Maryland’s Republican governor says he is “offended and disgusted” by a Democratic leader’s decision to forbid a local police station from displaying a ‘thin blue line’ flag because it was described as ‘divisive’ by some in the community in social media posts.
The wooden U.S. flag, made by Germantown, Md. resident James Shelton and his son, Forrest, was intended as gift in honor of National First Responders Day. The flag is black and white but for a blue line across the lower third. He made a similar one with a red line through it and gave that one to a local fire station.
Thank you to resident James Shelton, who presented Montgomery County 5th District officers with a wooden American Flag that he had made in recognition of National First Responders Day. The flag will be displayed in the 5th District Station. pic.twitter.com/kbAI32xHkY— Montgomery County Department of Police (@mcpnews) October 30, 2019
When pictures of the Sheltons were posted to the Facebook page of the Montgomery County Police Department, however, some members of the community took umbrage at the symbolism.
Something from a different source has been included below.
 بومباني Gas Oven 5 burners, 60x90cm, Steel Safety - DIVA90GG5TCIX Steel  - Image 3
Some noted that the blue line is a reference to the Blue Lives Matter movement, which is considered in some circles to be a racially tinged response to the Black Lives Matter.
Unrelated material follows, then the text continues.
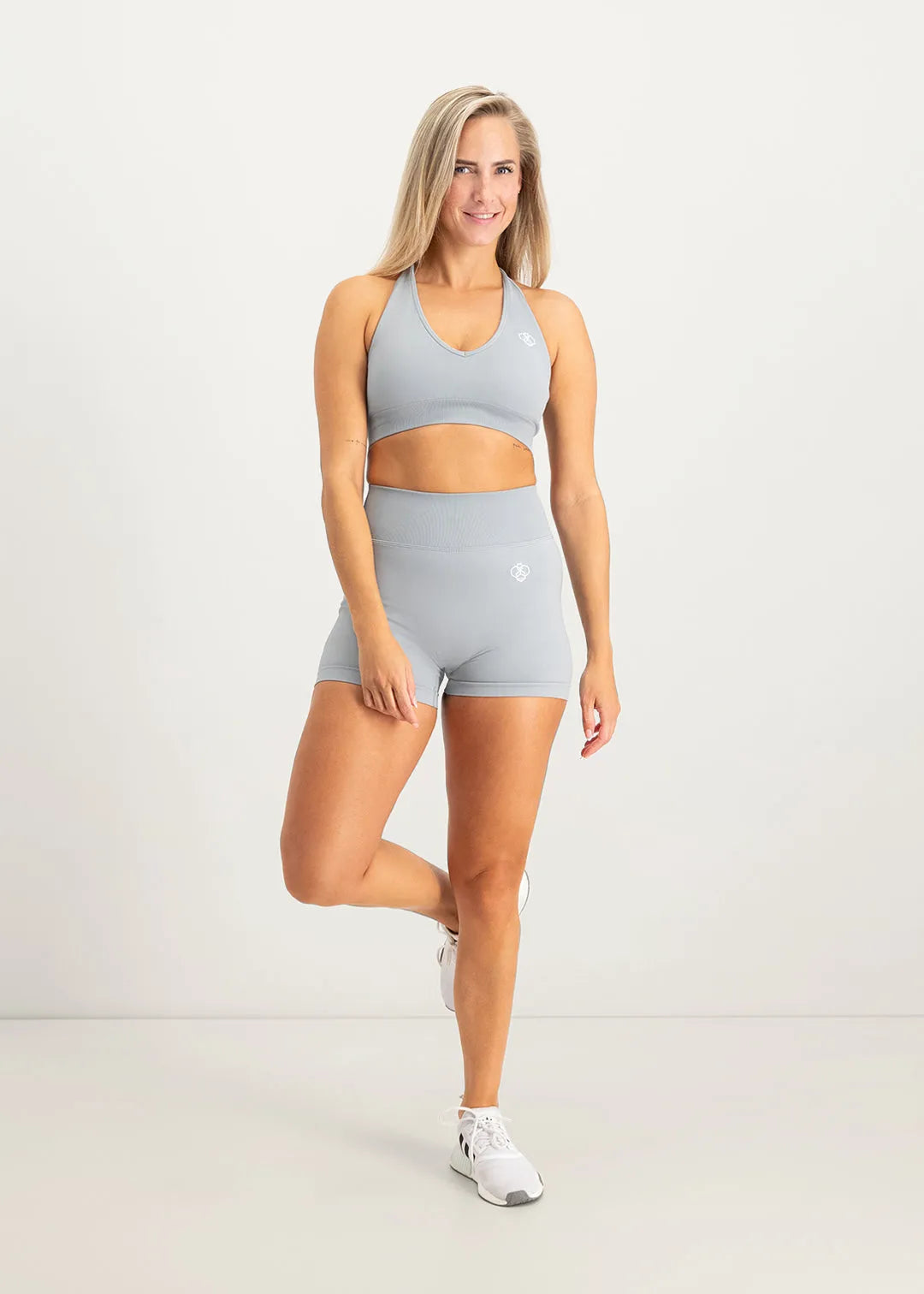 Flare Scrunch Shorts - Grey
Others said the non-standard flag had no business hanging in a public building anyway.
But the majority of the comments were, by far, supportive of the gesture.
Following the complaints, Montgomery County Marc Elrich told officers at the station to keep the flag under wraps.
“The flag provides a symbol of support to some but it is a symbol of dismissiveness to others,” he said in a statement. “Because it is divisive, the flag will not be posted at the 5th District nor in any public space within the Police Department.”
As word of the controversy trickled out, Maryland Republican Governor, Larry Hogan, weighed in. In a twitter post, he declared himself “offended and disgusted.”
Later, on Facebook, he posted pictures of himself standing in front of similar flags in government buildings across the state.
We have been proud to hang these Thin Blue Line flags in Government House to honor the service and sacrifice of our…Posted by Governor Larry Hogan on Sunday, November 3, 2019
“It is simply not appropriate or acceptable for the county executive to arbitrarily ban police officers from displaying a Thin Blue Line flag that was donated to them by a young boy in honor of National First Responders Day,” Hogan wrote.